The Maryland Center for School Safety’s annual report found it got a lot more tips and reports to its anonymous tip line during the last school year than it did in the previous school year. But leaders in that small state agency said that’s not necessarily indicative of growing problems and safety issues in schools — but rather the success of its messaging and efforts to raise awareness of what the center does.
There were more than 900 tips and concerns about various safety issues submitted to the anonymous tip line — which can be accessed online, via phone or through the agency’s app — up more than 150 tips from the 2021-2022 school year.
“One of our priorities every year, since the reporting system began in 2018, is to increase awareness of the system,” said Kimberly Buckheit, the policy, communications and engagement manager with MCSS.
“So as you increase awareness, you create that likelihood of increasing the number of people who are then reporting things, which can’t necessarily be equated to … more incidents occurring.”

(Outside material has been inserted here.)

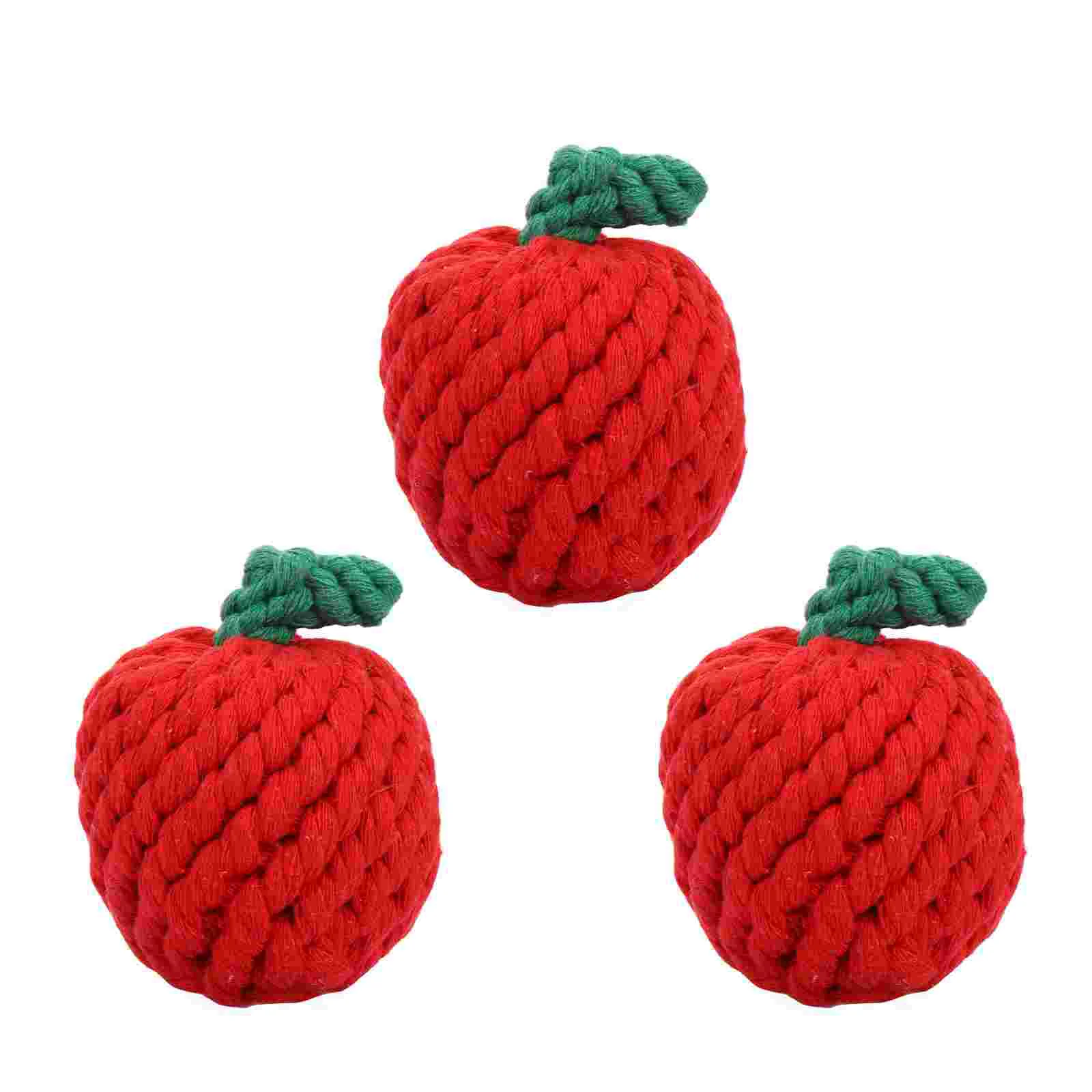 

3 шт., тканые игрушки для домашних животных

She said increasing that awareness can make a big difference when it comes to keeping threats away from schools.
“National trends research really tells us that there’s always leakage prior to any kind of event that has caused harm,” Buckheit said. “It’s just critical that individuals, parents, students, educators, community members, have a means by which to report any behaviors of concern that they encounter, whether that’s on social media, overhearing a conversation in a way that gets an immediate response, whether that’s 2 o’clock in the morning or 2 o’clock in the afternoon.”

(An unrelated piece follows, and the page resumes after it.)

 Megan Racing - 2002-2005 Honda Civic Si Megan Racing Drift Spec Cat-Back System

She added that “almost always there is someone who knew something, or something that was posted, a change in behavior.”
The Maryland Center for School Safety is a small (16 people) cabinet level agency in Maryland that helps school systems coordinate all kinds of safety issues. It offers training and help with programs for school systems to utilize, reviews emergency plans, and helps secure grant money for various types of emergency preparedness, whether that’s violence, weather or even something such as a gas leak inside a school.
Offering more training to school personnel on what to look for in terms of student safety was one priority last year, and remains a goal for this current school year. But so does standardizing certain language to describe situations such as lockdowns, so everyone knows exactly what it means and what it implies.

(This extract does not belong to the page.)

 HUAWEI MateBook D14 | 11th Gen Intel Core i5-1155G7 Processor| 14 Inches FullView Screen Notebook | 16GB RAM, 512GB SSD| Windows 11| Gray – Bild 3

Of the 927 tips that came into the anonymous reporting system, more than 100 were about bullying or cyberbullying concerns. Concerns about assaults, drugs, guns, building security, anger issues and child neglect also increased. Tips about planned attacks saw a significant reduction.
The report also noted more than 1,700 threats were made to schools or school system facilities. Of the more than 1,000 total emergency responses, 241 of them led to evacuations and there were 170 lockdowns around the state. Almost 700 of those emergency responses didn’t have any impact on school operations.